*** SUPPLIED DATA

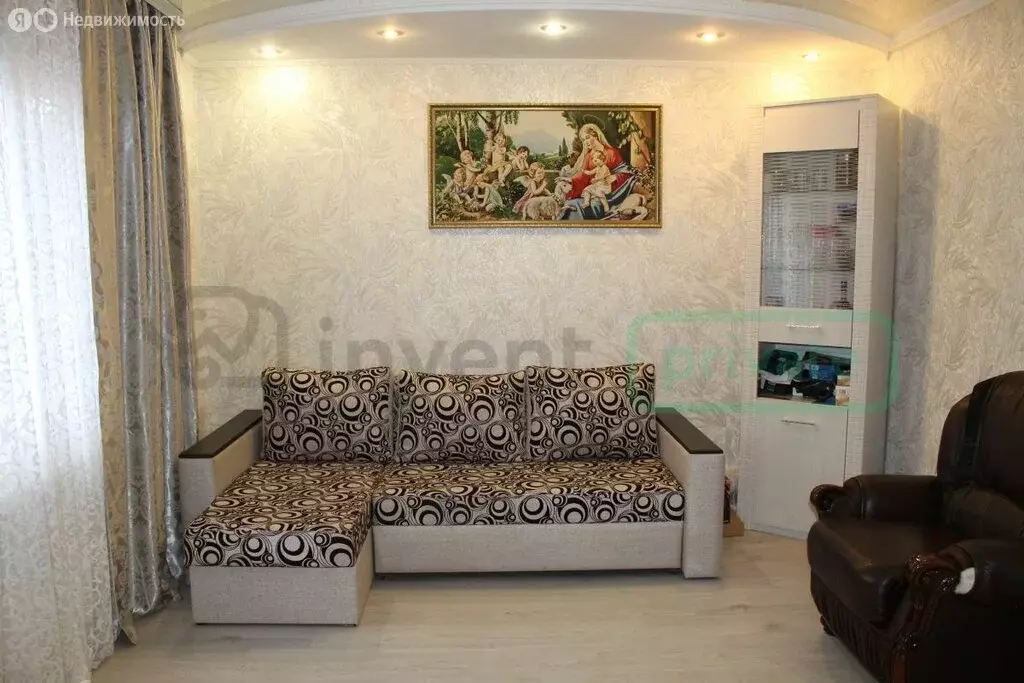 2-комнатная квартира: город Светлый, улица Горького, 9 (80 м) - Фото 1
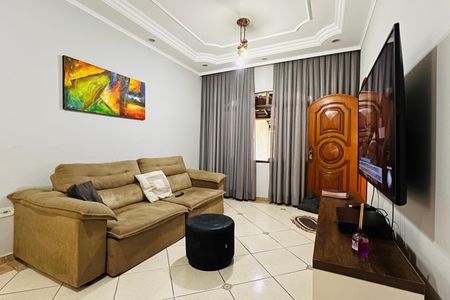 Casa à venda com 181m², 3 quartos e 2 vagasSala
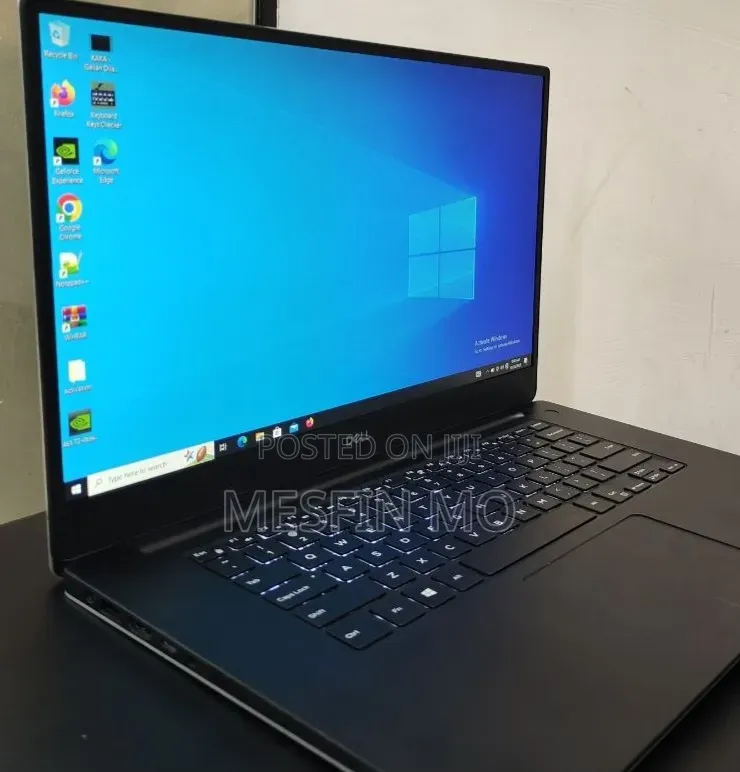 New Laptop Dell XPS 15 9570 16GB Intel Core i7 SSD 512GB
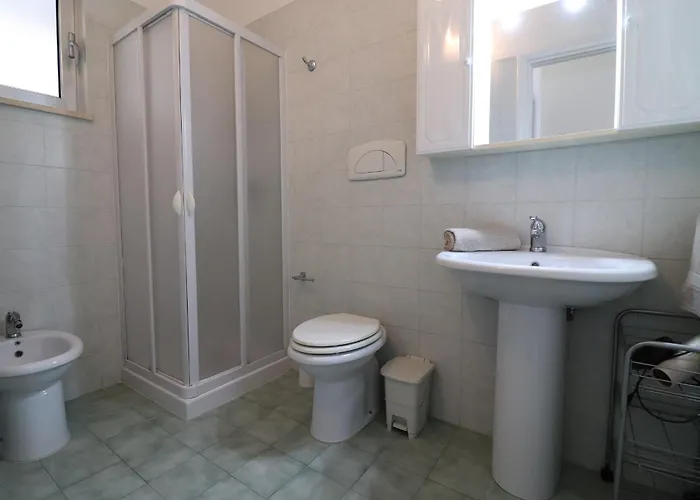 Casa & Center Ac, Wifi & 4 Sleeps Апартаменти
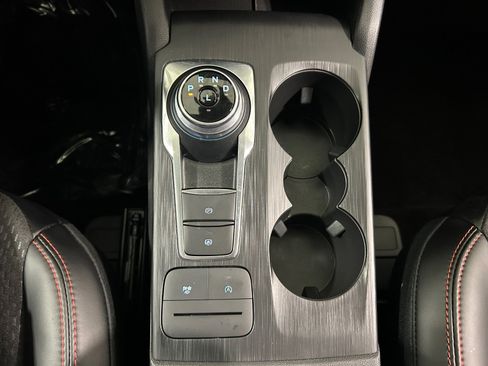 Used 2025 Ford Escape ST-Line FWD image 17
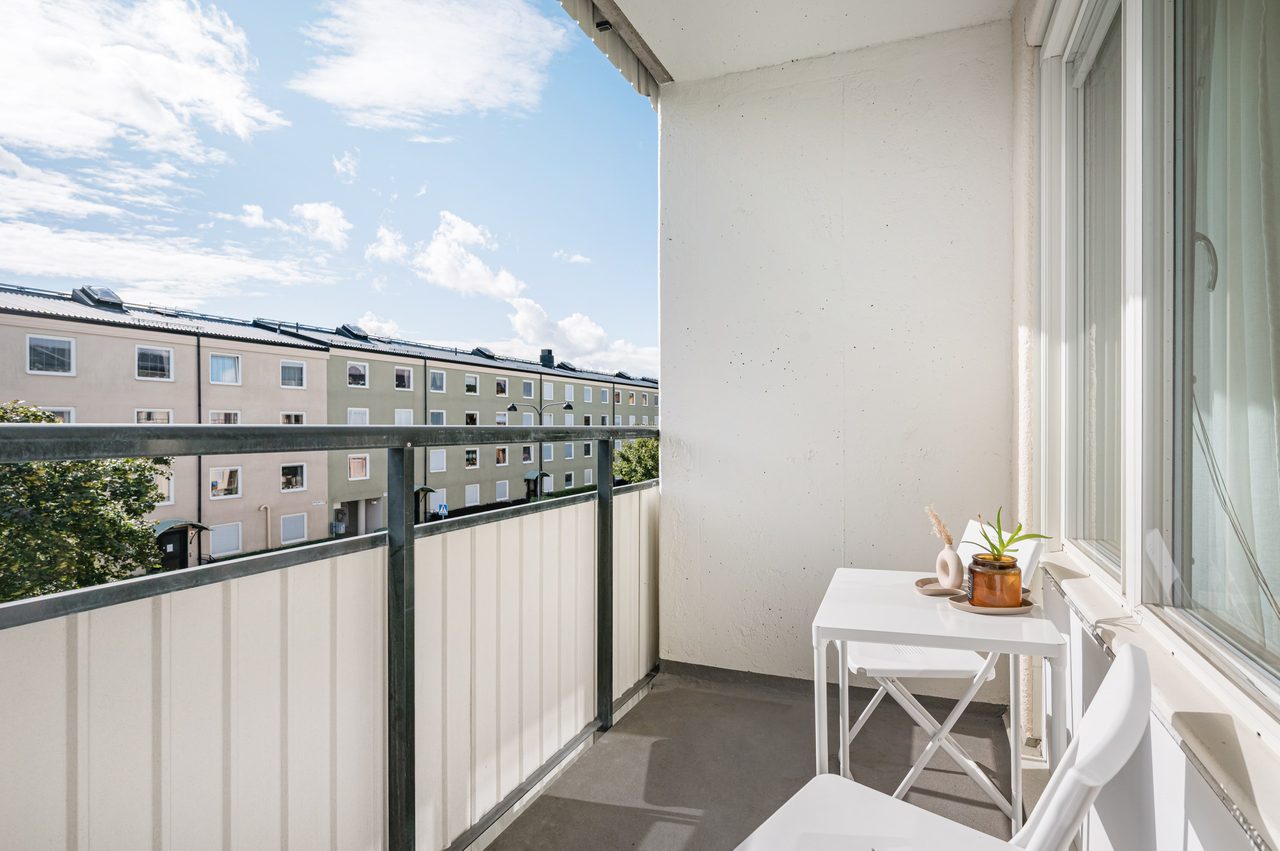 Månadsvägen 67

******

### TO DO
Leave out all pictures and extract exactly the lines from the line with "Used 2025 Ford Escape ST-Line FWD image 17" through the end of the material.

### RESPONSE AREA
 Used 2025 Ford Escape ST-Line FWD image 17
 Månadsvägen 67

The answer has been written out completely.